There is no doubt that secret intelligence, including the work of GCHQ, is vital to our country. It enables us to detect threats against our country ranging from nuclear proliferation to cyber attack. Our agencies work to prevent serious and organised crime, and to protect our economy against those trying to steal our intellectual property. They disrupt complex plots against our country, such as when individuals travel abroad to gain terrorist training and prepare attacks. They support the work of our armed forces overseas and help to protect the lives of our men and women in uniform, and they work to help other countries lawfully to build the capacity and willingness to investigate and disrupt terrorists in their countries, before threats reach us in the United Kingdom.
We should never forget that threats are launched at us secretly, new weapons systems and tactics are developed secretly, and countries or terrorist groups that plan attacks or operations against us do so in secrecy. So the methods we use to combat these threats must be secret, just as they must always be lawful. If the citizens of this country could see the time and care taken in making these decisions, the carefully targeted nature of all our interventions, and the strict controls in place to ensure that the law and our democratic values are upheld, and if they could witness, as I do, the integrity and professionalism of the men and women of our intelligence agencies, who are among our nation’s very finest public servants, I believe they would be reassured by how we go about this essential work.

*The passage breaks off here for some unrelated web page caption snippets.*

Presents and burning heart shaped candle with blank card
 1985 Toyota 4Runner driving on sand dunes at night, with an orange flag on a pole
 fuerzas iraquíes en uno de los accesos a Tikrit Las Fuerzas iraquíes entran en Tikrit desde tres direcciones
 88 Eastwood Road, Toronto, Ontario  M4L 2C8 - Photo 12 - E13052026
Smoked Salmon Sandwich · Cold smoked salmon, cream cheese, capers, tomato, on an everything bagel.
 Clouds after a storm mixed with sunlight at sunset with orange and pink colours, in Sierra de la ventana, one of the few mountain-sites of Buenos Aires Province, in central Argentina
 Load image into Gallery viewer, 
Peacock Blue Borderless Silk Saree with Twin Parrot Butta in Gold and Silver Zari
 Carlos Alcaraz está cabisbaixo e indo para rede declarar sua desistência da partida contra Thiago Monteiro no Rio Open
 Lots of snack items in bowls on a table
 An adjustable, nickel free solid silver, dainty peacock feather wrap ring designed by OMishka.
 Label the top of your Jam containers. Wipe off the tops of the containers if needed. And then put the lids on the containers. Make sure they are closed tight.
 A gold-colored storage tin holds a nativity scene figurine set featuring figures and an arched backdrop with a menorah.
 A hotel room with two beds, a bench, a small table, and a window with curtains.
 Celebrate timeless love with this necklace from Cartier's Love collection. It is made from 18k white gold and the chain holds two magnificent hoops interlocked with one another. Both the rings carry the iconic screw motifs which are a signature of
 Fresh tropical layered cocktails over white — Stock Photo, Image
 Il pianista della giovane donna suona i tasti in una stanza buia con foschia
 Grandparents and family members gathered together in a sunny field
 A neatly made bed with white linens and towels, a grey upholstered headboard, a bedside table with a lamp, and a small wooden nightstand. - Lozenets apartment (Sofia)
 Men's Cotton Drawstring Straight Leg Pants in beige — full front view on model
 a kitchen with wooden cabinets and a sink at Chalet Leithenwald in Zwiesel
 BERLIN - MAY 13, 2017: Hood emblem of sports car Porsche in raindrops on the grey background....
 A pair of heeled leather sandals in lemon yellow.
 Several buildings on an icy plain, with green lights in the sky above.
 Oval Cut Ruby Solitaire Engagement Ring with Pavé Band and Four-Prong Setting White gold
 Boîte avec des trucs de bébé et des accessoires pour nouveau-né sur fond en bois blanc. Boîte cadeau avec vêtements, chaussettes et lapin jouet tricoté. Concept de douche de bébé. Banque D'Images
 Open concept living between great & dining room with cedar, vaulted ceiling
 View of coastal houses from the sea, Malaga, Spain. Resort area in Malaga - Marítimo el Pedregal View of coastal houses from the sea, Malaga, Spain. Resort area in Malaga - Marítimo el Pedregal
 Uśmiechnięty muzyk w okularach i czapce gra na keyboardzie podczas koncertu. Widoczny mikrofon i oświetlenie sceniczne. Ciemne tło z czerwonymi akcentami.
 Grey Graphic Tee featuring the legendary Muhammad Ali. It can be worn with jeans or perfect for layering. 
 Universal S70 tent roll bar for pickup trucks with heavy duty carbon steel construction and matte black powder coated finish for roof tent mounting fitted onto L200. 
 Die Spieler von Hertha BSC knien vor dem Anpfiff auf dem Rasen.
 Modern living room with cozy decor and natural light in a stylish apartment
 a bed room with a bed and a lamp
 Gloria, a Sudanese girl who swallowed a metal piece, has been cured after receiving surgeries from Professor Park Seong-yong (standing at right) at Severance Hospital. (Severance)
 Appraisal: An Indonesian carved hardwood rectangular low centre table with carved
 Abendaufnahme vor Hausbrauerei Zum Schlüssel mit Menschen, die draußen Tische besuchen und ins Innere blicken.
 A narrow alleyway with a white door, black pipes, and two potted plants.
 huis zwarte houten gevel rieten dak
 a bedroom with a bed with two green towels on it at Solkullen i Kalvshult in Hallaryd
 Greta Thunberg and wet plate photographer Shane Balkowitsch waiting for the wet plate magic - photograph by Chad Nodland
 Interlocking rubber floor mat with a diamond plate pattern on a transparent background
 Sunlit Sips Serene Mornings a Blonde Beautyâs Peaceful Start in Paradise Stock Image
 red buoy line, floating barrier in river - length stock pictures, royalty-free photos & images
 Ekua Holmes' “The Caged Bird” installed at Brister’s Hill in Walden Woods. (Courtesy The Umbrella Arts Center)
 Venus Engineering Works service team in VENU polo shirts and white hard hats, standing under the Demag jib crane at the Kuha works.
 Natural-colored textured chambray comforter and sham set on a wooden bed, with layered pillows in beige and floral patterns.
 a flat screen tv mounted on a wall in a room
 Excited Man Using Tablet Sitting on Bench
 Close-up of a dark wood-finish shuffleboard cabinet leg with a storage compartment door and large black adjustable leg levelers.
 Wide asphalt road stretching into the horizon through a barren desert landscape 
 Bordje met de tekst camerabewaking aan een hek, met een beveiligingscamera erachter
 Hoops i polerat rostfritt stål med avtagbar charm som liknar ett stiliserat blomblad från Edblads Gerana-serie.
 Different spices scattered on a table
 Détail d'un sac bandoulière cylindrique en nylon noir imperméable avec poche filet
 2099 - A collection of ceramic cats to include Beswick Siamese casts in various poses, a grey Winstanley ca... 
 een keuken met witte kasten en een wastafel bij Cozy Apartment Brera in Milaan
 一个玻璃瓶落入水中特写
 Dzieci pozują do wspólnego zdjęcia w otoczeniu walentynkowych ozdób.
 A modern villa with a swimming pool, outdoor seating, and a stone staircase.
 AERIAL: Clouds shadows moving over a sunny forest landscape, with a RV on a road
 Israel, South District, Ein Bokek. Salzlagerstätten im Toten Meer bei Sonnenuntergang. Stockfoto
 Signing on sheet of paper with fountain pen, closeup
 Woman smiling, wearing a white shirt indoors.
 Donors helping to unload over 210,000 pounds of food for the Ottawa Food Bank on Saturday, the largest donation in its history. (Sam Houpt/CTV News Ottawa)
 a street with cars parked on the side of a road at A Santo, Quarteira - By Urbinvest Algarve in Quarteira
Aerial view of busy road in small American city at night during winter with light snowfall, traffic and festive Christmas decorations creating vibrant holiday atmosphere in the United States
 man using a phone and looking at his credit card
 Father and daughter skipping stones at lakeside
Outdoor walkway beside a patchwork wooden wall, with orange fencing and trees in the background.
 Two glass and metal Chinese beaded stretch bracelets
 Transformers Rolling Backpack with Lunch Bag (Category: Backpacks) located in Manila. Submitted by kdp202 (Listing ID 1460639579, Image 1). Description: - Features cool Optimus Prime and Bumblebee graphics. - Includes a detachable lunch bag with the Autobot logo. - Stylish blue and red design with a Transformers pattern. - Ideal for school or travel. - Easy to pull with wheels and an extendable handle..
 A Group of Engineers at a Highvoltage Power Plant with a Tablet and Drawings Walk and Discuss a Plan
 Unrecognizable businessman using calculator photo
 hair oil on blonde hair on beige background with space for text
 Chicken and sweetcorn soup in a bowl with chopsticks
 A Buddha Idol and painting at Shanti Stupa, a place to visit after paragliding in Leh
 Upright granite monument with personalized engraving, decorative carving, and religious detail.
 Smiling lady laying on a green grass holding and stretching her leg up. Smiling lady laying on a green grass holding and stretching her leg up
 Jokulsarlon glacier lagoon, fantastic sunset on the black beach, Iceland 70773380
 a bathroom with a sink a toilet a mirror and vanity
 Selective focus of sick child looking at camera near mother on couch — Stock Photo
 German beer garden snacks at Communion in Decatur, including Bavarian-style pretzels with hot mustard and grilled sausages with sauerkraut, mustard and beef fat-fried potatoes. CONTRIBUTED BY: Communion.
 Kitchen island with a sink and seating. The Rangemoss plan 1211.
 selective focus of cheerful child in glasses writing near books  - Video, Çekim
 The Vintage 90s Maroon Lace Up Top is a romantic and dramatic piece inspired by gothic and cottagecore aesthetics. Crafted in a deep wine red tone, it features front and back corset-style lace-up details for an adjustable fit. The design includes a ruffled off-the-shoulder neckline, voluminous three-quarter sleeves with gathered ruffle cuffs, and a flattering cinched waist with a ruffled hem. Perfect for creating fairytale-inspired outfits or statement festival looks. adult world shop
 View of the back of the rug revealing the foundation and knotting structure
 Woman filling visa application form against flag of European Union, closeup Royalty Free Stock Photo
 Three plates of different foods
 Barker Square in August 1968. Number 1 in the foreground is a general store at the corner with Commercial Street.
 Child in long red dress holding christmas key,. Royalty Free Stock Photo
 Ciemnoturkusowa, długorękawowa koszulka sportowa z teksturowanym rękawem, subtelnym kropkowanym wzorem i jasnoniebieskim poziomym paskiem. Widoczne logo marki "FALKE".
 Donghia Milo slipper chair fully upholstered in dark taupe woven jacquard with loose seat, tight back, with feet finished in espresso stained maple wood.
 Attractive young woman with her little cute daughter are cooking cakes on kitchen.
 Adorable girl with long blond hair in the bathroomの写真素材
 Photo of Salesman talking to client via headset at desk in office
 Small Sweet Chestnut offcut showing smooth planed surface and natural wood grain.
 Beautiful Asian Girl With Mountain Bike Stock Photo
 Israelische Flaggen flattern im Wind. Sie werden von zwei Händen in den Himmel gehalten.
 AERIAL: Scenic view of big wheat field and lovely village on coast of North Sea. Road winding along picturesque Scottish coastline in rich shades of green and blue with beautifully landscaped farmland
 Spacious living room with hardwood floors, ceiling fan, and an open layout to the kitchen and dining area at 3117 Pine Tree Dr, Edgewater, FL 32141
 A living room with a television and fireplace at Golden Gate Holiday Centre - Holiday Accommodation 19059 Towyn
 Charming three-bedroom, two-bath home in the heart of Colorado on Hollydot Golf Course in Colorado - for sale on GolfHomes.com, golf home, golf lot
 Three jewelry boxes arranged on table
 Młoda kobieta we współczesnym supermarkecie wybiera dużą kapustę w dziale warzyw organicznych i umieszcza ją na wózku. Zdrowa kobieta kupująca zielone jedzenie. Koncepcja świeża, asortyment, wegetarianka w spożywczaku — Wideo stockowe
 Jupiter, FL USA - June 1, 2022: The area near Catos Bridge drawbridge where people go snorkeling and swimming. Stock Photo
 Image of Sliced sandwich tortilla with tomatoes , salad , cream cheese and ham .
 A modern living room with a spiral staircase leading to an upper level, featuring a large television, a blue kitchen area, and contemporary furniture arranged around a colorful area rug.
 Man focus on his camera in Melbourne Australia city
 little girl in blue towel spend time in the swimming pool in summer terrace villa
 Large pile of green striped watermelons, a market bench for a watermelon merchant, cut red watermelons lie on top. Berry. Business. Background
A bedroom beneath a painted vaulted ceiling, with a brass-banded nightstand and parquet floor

The British people can be confident in the way our agencies work to keep them safe. Would-be terrorists, those seeking to spy against this country or those who are the centre of organised crime should be aware that this country has the capability and partnerships to protect its citizens against the full range of threats in the 21st century, and that we will always do so in accordance with our laws and values, but with constant resolve and determination.